◆ PROBLEM DETAILS
Your answer should hold only the lines from the start of the data below through the line with "The Bachelor of", copied exactly, with pictures left out.

◆ LISTED RECORDS
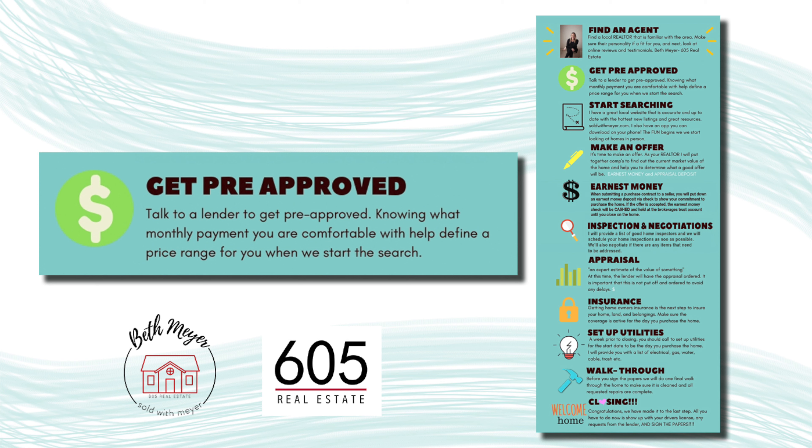The second step is pre-approval. Talk to a lender to get pre-approved. Knowing what monthly payment you are comfortable with helps define a price range for when we start the search.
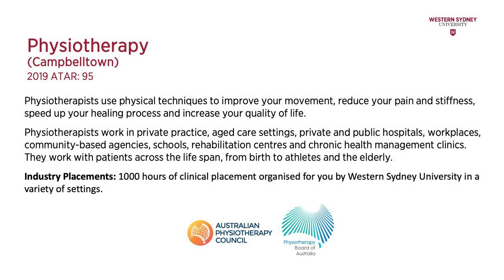The Bachelor of Physiotherapy course is offered at Campbelltown Campus. Physiotherapists use physical techniques to improve movement, reduce pain and stiffness, speed up the healing process and they focus on quality of life. Physiotherapists tend to work in private practice, the public health sector, and age care settings.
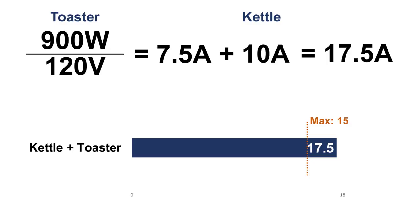Appliances that generate heat often draw the most power in our homes — things like kettles, toasters, hair dryers, irons, and space heaters are usually involved in these issues where the lights are dimming or a breaker is tripping. When we plug the toaster in, which draws 900 watts divided by 120 volts, or 7.5 amps, plus the kettle that draws 10 amps, we can see that the total is 17.5 amps, which exceeds the breaker limit of 15 amps.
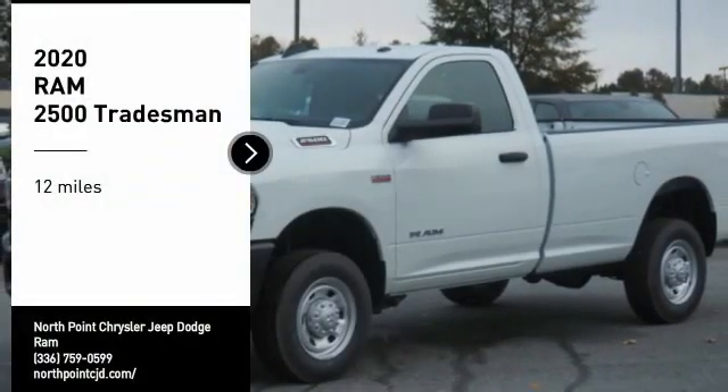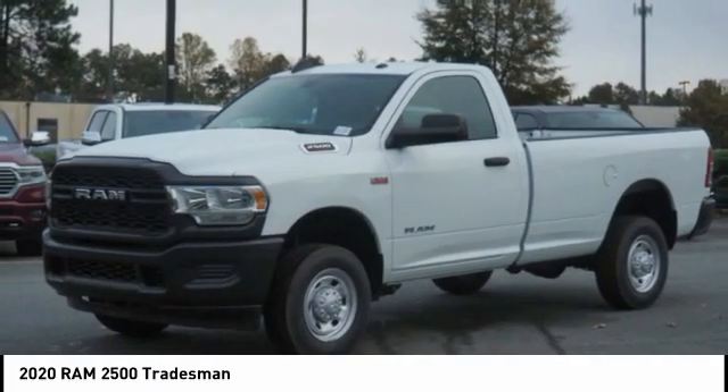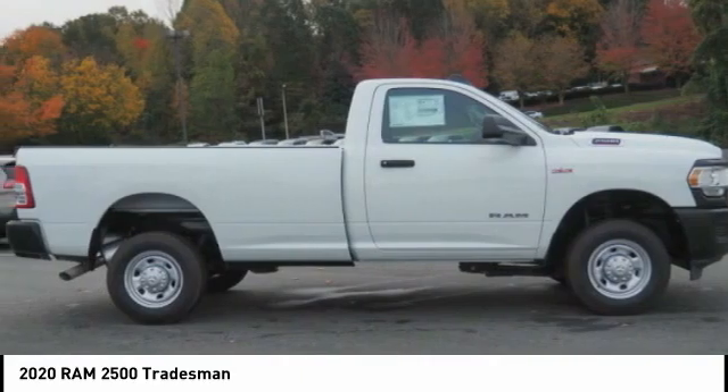Looking for the right vehicle? Check out the 2020 2500. Ram 2500 is the 2010 Truck of the Year winner. It is the hardest working truck in the tow business.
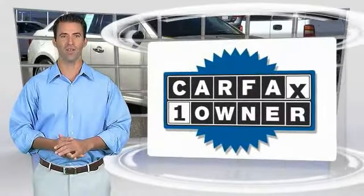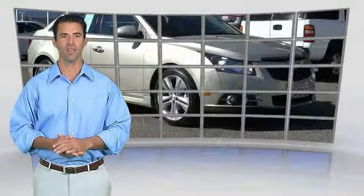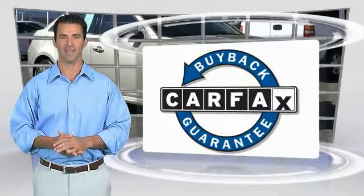This is a one-owner vehicle with the Carfax Vehicle History Report. Be sure to find a complimentary copy of this report online or contact the dealership. This vehicle qualifies for the Carfax Buyback Guarantee.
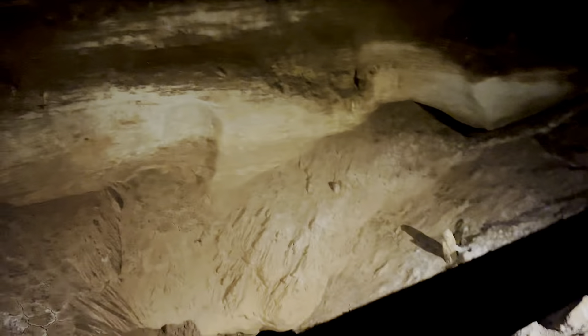I know you've got sinkholes in Florida. Here they are on the surface.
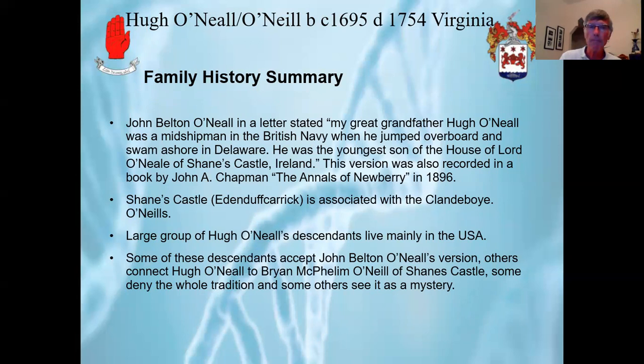From a traditional genealogy point of view, a Hugh O'Neill is recorded as a son of Brian of the Largy, who is recorded as a brother to Arthur O'Neill of Nelsbrook, Randallstown — an ancestor of the first family history. Brian of the Largy is the father of French John O'Neill, who changed the name of Eden Duff Castle to Shane's Castle. However, Hugh O'Neill was born in 1695, and Brian of the Largy is recorded as dying in 1669. Therefore, our Hugh O'Neill cannot be the son of Brian of the Largy, and there are no other strong connections for Hugh O'Neill to the Clannaboy O'Neills that have been proposed.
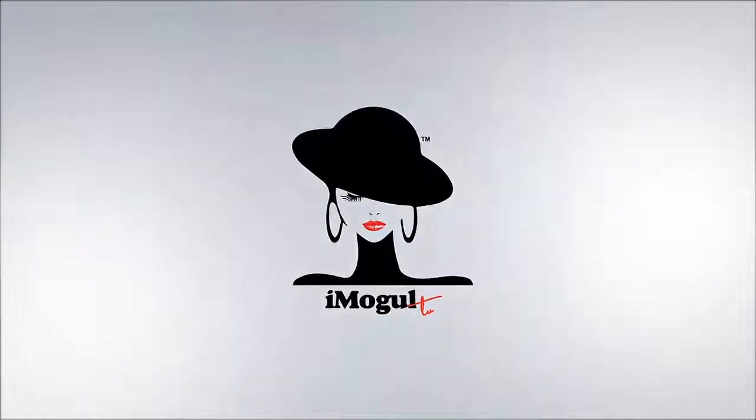We're talking about automating your business on iMogul TV. Hello and welcome, my name is April Rae, CEO and founder of theintrovertmogul.com. Thank you so much for joining me. This is part two of 'Can You Really Automate Your Business?' — and we already answered that: yes, you can.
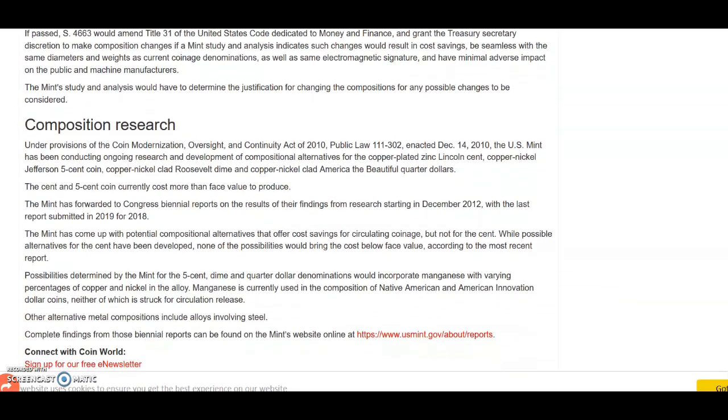Under provisions of the Coin Modernization Oversight and Continuity Act of 2010, Public Law 111-302, enacted December 14th 2010, the U.S. Mint has been conducting ongoing research and development of compositional alternatives for the copper-plated zinc Lincoln cent, copper-nickel Jefferson five-cent coin, copper-nickel clad Roosevelt dime, and copper-nickel clad America the Beautiful quarter dollars. The key word to all of this is copper — I'll get more into that in just a few moments.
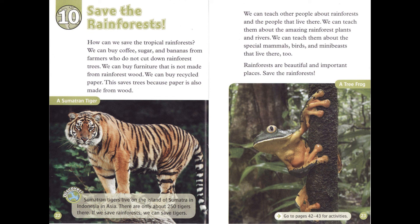We can teach other people about rainforests and the people that live there. We can teach them about the amazing rainforest plants and rivers. We can teach them about the special mammals, birds, and mini-beasts that live there too. Rainforests are beautiful and important places. Save the rainforests.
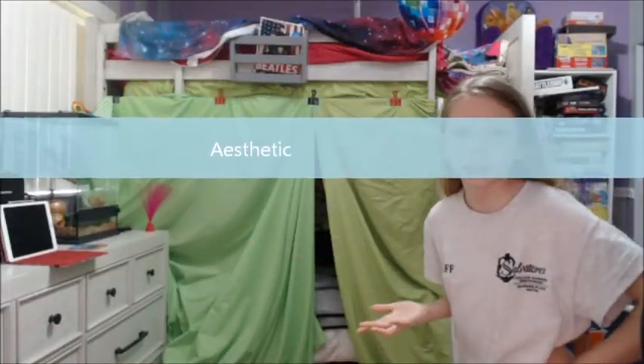Hello everyone, it is me, Jennifer Bunny, and today we are going to be talking about how to make your room aesthetic.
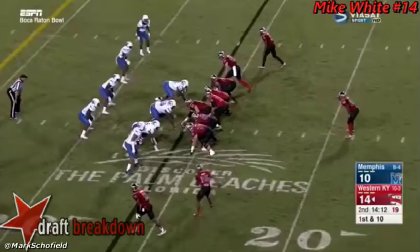This is Mark Schofield from Inside the Pylon with the latest edition of First Sound. Today we're going to look at Western Kentucky quarterback Mike White. We're going to examine process and speed and decision making. We're going to look at three plays and I'm going to start in 2016.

◆ RESPONSE
The second step is pre-approval. Talk to a lender to get pre-approved. Knowing what monthly payment you are comfortable with helps define a price range for when we start the search.
The Bachelor of Physiotherapy course is offered at Campbelltown Campus. Physiotherapists use physical techniques to improve movement, reduce pain and stiffness, speed up the healing process and they focus on quality of life. Physiotherapists tend to work in private practice, the public health sector, and age care settings.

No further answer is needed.